• Aim of the task
When you copy the material below, keep every line exact and leave each picture out.
[Opening Information supplied section]
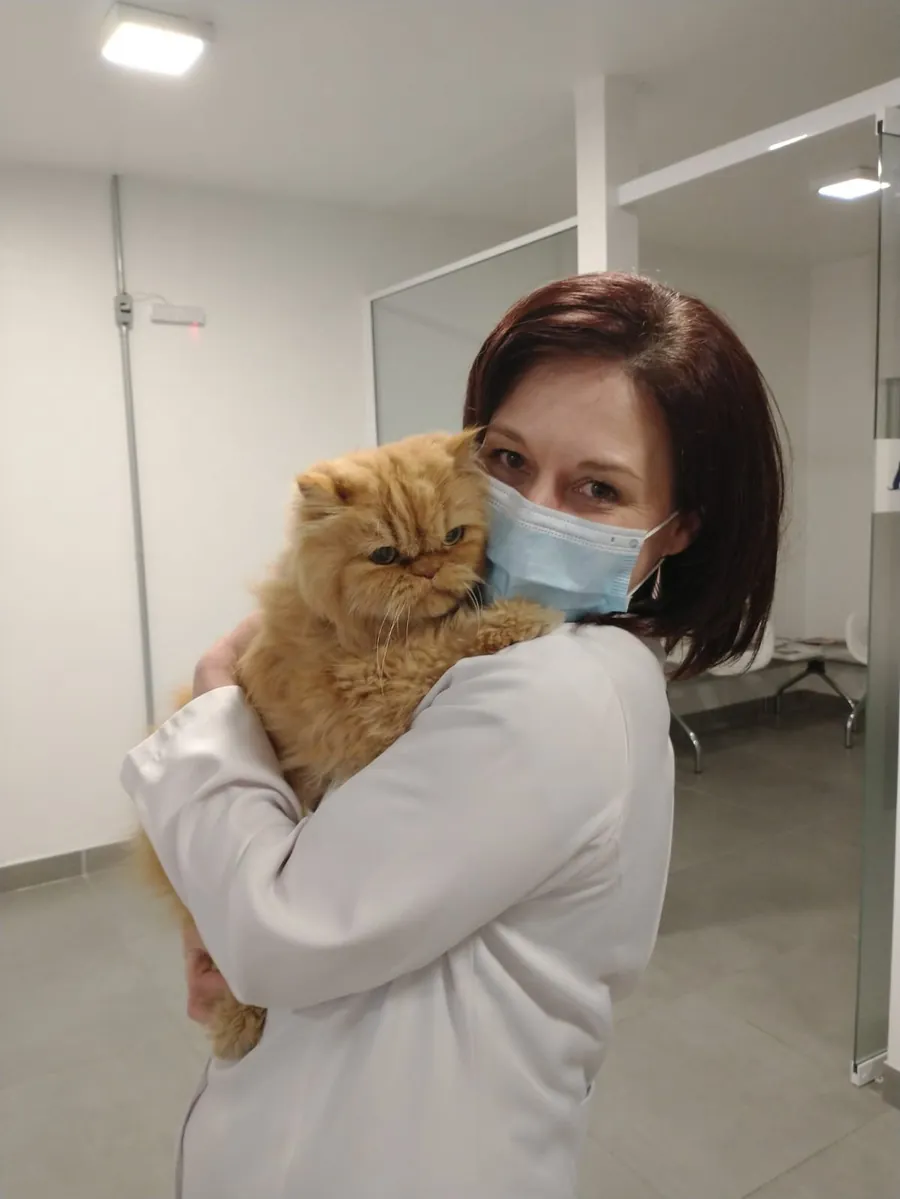 Dra. Flávia Howes segurando no colo um gato persa laranja durante o atendimento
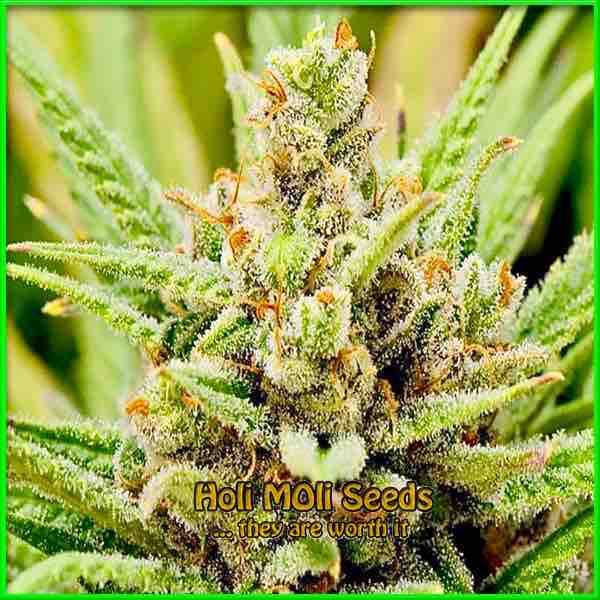Lemon OG cannabis strain photo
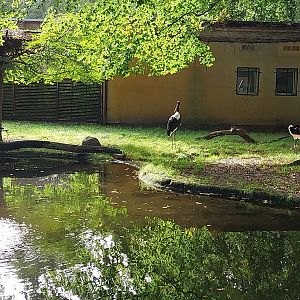 Saddle-Billed Stork (Ephippiorhynchus senegalensis)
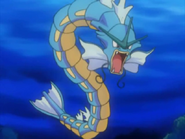 Gyarados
[Closing Information supplied section]
• Response box
 Dra. Flávia Howes segurando no colo um gato persa laranja durante o atendimento
Lemon OG cannabis strain photo
 Saddle-Billed Stork (Ephippiorhynchus senegalensis)
 Gyarados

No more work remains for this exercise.